Kedekatan Godfreido dan Coraima sebagai bos dan bawahan, membuat Godfreido bisa mendalami latar belakang Coraima. Dari cerita Mami dan Papi- nya, serta foto masa kecilnya ketika baru diangkat anak, Godfreido yakin 1000% bahwa Coraima adalah Corazon yang hilang.

Namun, setelah yakin pun, ternyata Godfreido tidak memberitahu Salvador. Godfreido orang yang berotak bisnis. Bertahun-tahun ia mencari Corazon, lalu begitu saja Salvador memilikinya? Tidak. Apalagi kala itu Salvador sedang dijodohkan dengan Esmeralda. Godfreido menyimpan rahasia Corazon untuk dirinya sendiri.

Hidup Esmeralda juga mengalami perubahan drastis setelah kebakaran itu. Kehilangan ibu yang senantiasa memanjakannya serta tudingan yang tidak benar, lalu tiba-tiba saja ayahnya membawa pemuda asing ke rumahnya dan ayahnya memuja pemuda itu lebih dari anak kandung. Esmeralda tumbuh dalam kebencian pada ayahnya dan Salvador, pemuda buruk rupa yang terobsesi menguasai harta ayahnya. Pemuda tak tahu malu, hidup bak benalu dalam keluarganya. Ditambah ayahnya menikahi wanita mu.rahan perusak rumah tangga orang, Esmeralda semakin membenci keluarganya sendiri.

Berbeda dengan Godfreido. Pemuda itu tampan, berpendidikan, punya karier yang gemilang, dan bisnis besar. Kaya raya karena usahanya sendiri. Semua kesempurnaan itu membuat Esmeralda jatuh cinta dengan Godfreido. Dan ternyata Godfreido menyambut cintanya. Mereka menjalin hubungan diam- diam karena tahu Jeronimo tidak menyukai Godfreido.

Bagi Godfreido, Esmeralda tidak lebih dari tantangan berikutnya. Kesenangan bermain kucing-kucingan dari Jeronimo karena Godfreido tahu pria itu tidak menyukainya.
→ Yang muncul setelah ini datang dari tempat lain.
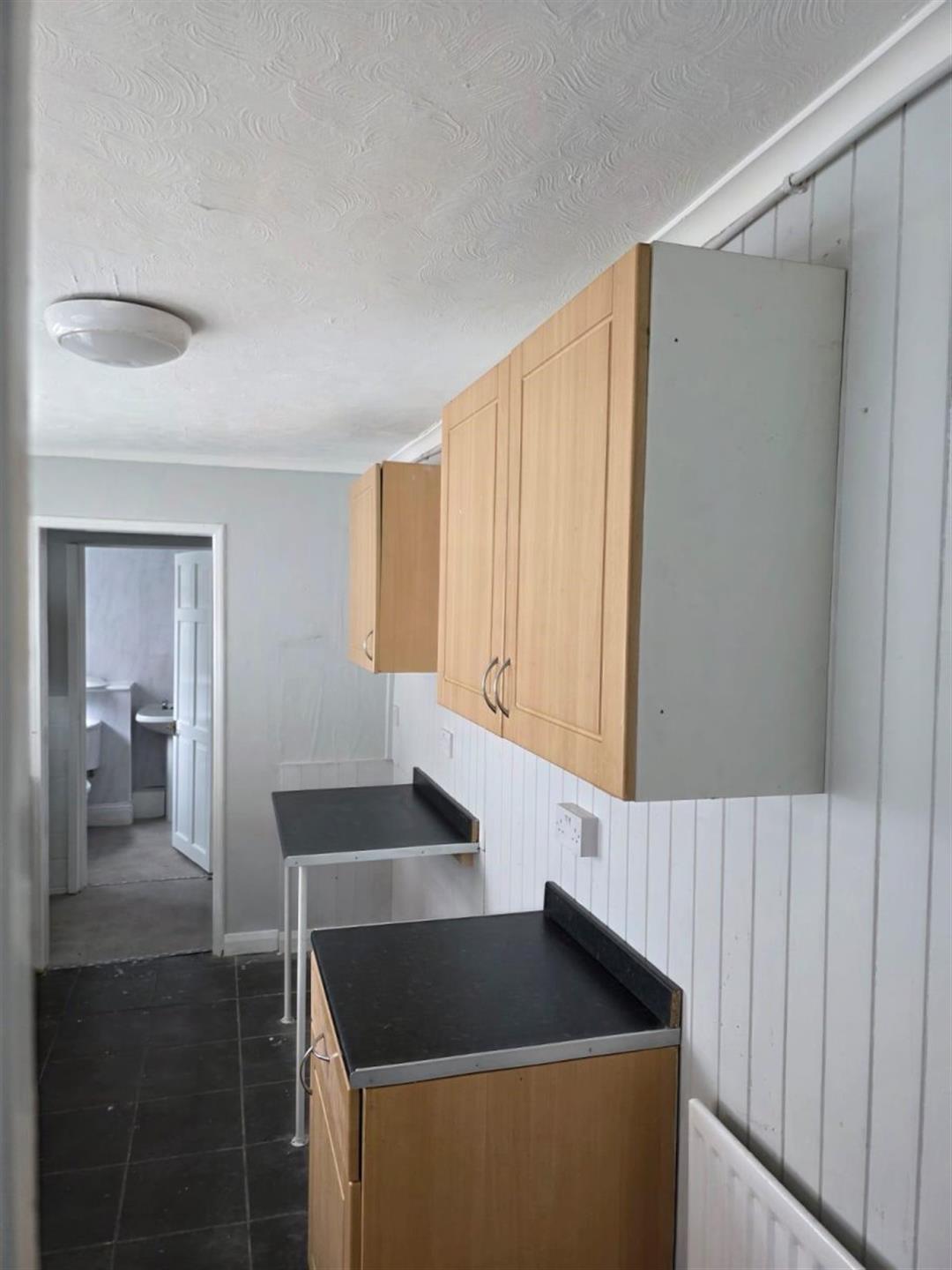 2 bedroom terraced house Let Agreed in Shildon - photograph 10.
Atas alasan apa? Terjadi begitu saja. Ada rasa tidak suka yang tak bisa dijelaskan Jeronimo jika menyangkut teman akrab putra angkatnya itu dan instingnya tidak salah setelah apa yang terjadi pada Esmeralda.
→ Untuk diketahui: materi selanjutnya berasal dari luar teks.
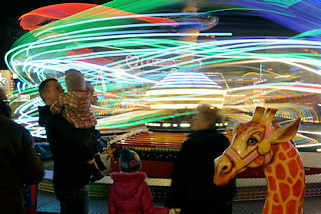 5348 Hamburger Dom - Karussell in Fahrt, Lichtzeichnungen / Langzeitbebelichtung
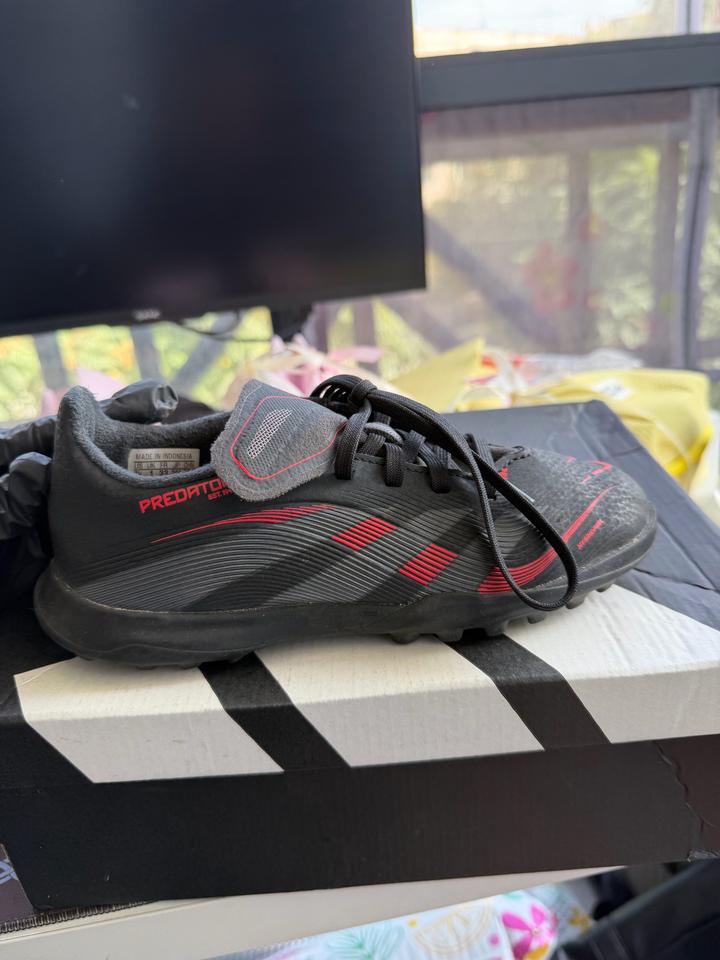 Футбольные бутсы adidas Predator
Salvador menahan kemarahannya cukup lama setelah mengetahui bahwa pria yang menghamili Esmeralda adalah Godfreido. Ia menyusun rencana dan menunggu momen yang tepat untuk balas dendam. Mengetahui Godfreido menjalin kasih dengan juru masak di hotelnya, Salvador pun mulai menyelidiki latar belakang Coraima Aldevaro. Mulai di situlah ia menemukan bahwa Coraima adalah Corazon-nya yang telah lama hilang.
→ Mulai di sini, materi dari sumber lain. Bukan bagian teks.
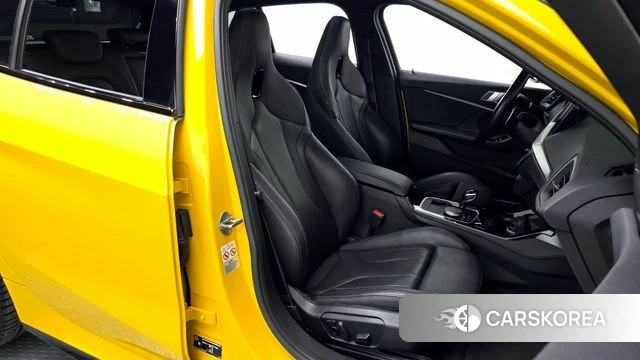 BMW 1 Series (F40) id 4201983 из Кореи 18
Salvador sempat gamang, akan tetapi rencana awal yang sudah ditetapkan bersama Jeronimo harus terlaksana. Salvador menyelamatkan apa yang harus diselamatkannya. Ia menyelamatkan Coraima meskipun wanita itu harus tercabik- cabik dan merana.

Apa mau dikata? Bagi Salvador, untuk menggapai mimpi butuh usaha keras dan pengorbanan. Godfreido yang mengetahui Corazon adalah impiannya, mengambil mimpi itu. Salahnya karena terlalu bergantung pada Godfreido dan dengan mudahnya pria itu menghancurkan impiannya.

Meskipun Coraima sakit hati dan membencinya, ia akan tetap mengikat wanita itu. Ia tidak akan membiarkannya jatuh bak layangan putus. Ia yakin Coraima wanita yang menjadi pendamping hidupnya, maka dia harus bisa bangkit lagi dalam keadaan sesulit apa pun.

***

Salvador sangat kesal. Godfreido sudah mati, tapi Coraima masih membelanya, bahkan menyayangi anak haramnya. Pria itu pasti sedang menertawakannya di neraka sana. Kurang ajar! Salvador memilih mengunci diri dalam kamar daripada semakin emosi.

Coraima ke kamarnya membawa Valentina. Meskipun tangannya tidak bisa bergerak leluasa, ia bisa mendekap bayi itu dan menyandarkannya ke pundak. Ia mengusap punggung Valentina untuk menenangkannya. Anak itu masih sesenggukan dan badannya berpeluh dingin.

"Sepertinya Valentina sakit perut, Nyonya. Dia baru belajar makan makanan padat, mungkin perutnya masih penyesuaian," ujar Latanza yang mendampinginya.

Coraima tidak punya pengalaman mengurus bayi, tapi ia cukup cekatan karena sering memperhatikan anak-anak yang dirawat di rumah sakit. Ia membaringkan Valentina di ranjang, memeriksa perutnya yang teraba kembung. Anak itu menangis keras lagi, sehingga Coraima kembali menggendongnya. "Jika sampai malam Valentina masih begini, tolong panggilkan Dokter Guinan," katanya.

Latanza terlihat ragu. "Ehm, jika tanpa izin Tuan Salvador, saya tidak berani menelepon siapa pun. Sebentar, Nyonya, saya bicara dulu dengan Tuan Benicio. Mungkin ia bisa bicara dengan Tuan Salvador." Latanza lalu keluar kamarnya.

Coraima mendesah lelah atas semua kerepotan tata aturan Salavador. Ia menggendong Valentina sambil membawanya berjalan mondar mandir di tengah kamar. Tangannya pegal karena posisi tangan yang susah digerakkan. Namun, Coraima tetap telaten menjaga bayi itu, karena ia berterima kasih atas kehadiran Valentina. Hadirnya anak itu membantunya mengalihkan pikiran dari kesedihan dan keputusasaan.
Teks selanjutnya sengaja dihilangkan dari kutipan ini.